Data block:
*** Block opens ***

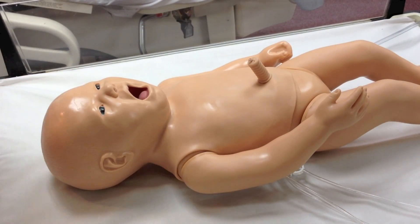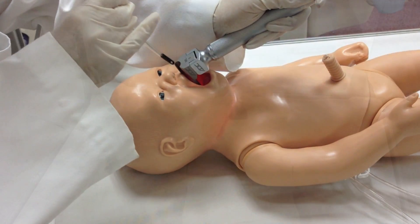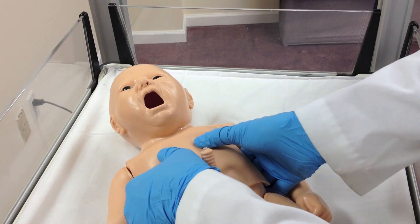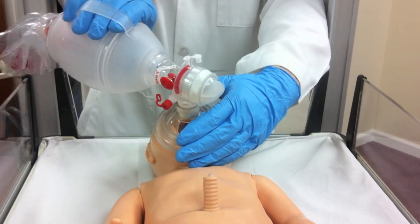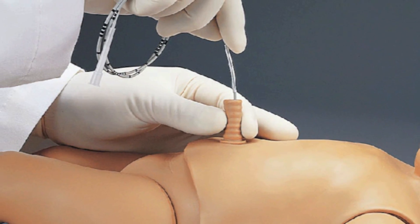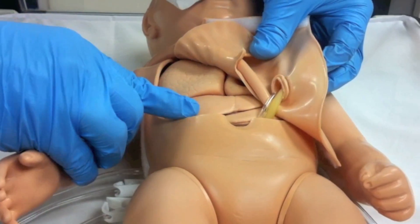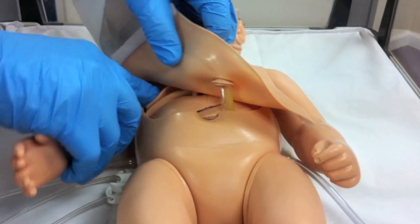The neonate can be intubated orally or nasally. Students can perform CPR and provide medications through the umbilical cord. The upper torso contains the heart, lungs, and ribcage, providing anatomical landmarks.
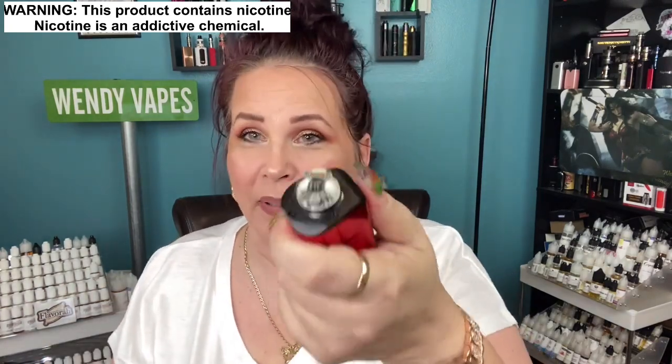I do have a fresh wick because I'm getting ready for my live stream anyway, so I figured I'm wicking everything up — this is the perfect time. So I'm gonna go ahead and drip it on here as soon as I raise the wattage that I always forget to do. And fresh wick.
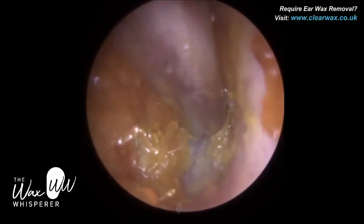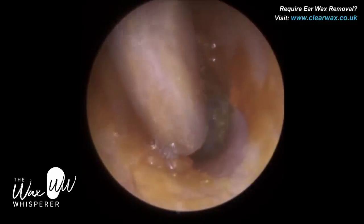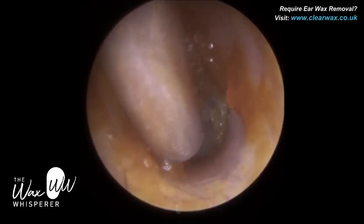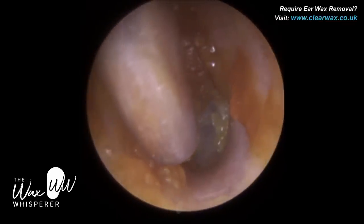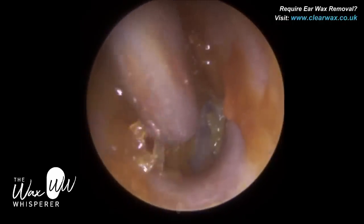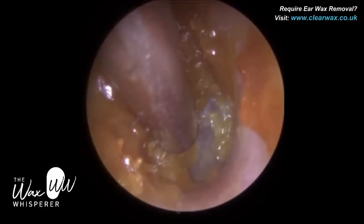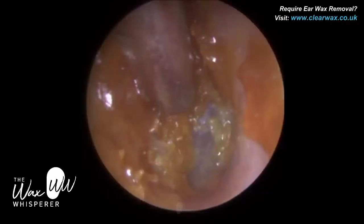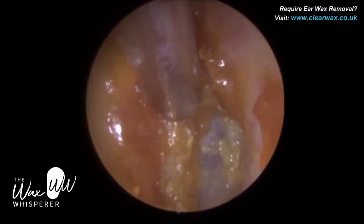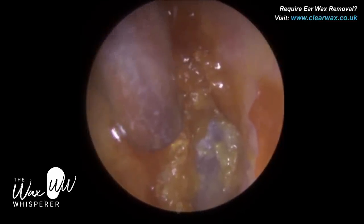However, sometimes people find that uncomfortable because you've got this object inserted into the ear canal. With an endoscope, we actually use the endoscope itself to do the job of a speculum and stretch and widen the ear canal. And one of the reasons why an endoscopic approach — not only in earwax removal but endoscopic ear surgery — is now so mainstream and exponential in use, is the field of view it provides. It's just incomparable.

*** Block closes ***

Task details:
Reproduce the preceding material exactly, skipping pictures.

Written reply:
The neonate can be intubated orally or nasally. Students can perform CPR and provide medications through the umbilical cord. The upper torso contains the heart, lungs, and ribcage, providing anatomical landmarks.
I do have a fresh wick because I'm getting ready for my live stream anyway, so I figured I'm wicking everything up — this is the perfect time. So I'm gonna go ahead and drip it on here as soon as I raise the wattage that I always forget to do. And fresh wick.
However, sometimes people find that uncomfortable because you've got this object inserted into the ear canal. With an endoscope, we actually use the endoscope itself to do the job of a speculum and stretch and widen the ear canal. And one of the reasons why an endoscopic approach — not only in earwax removal but endoscopic ear surgery — is now so mainstream and exponential in use, is the field of view it provides. It's just incomparable.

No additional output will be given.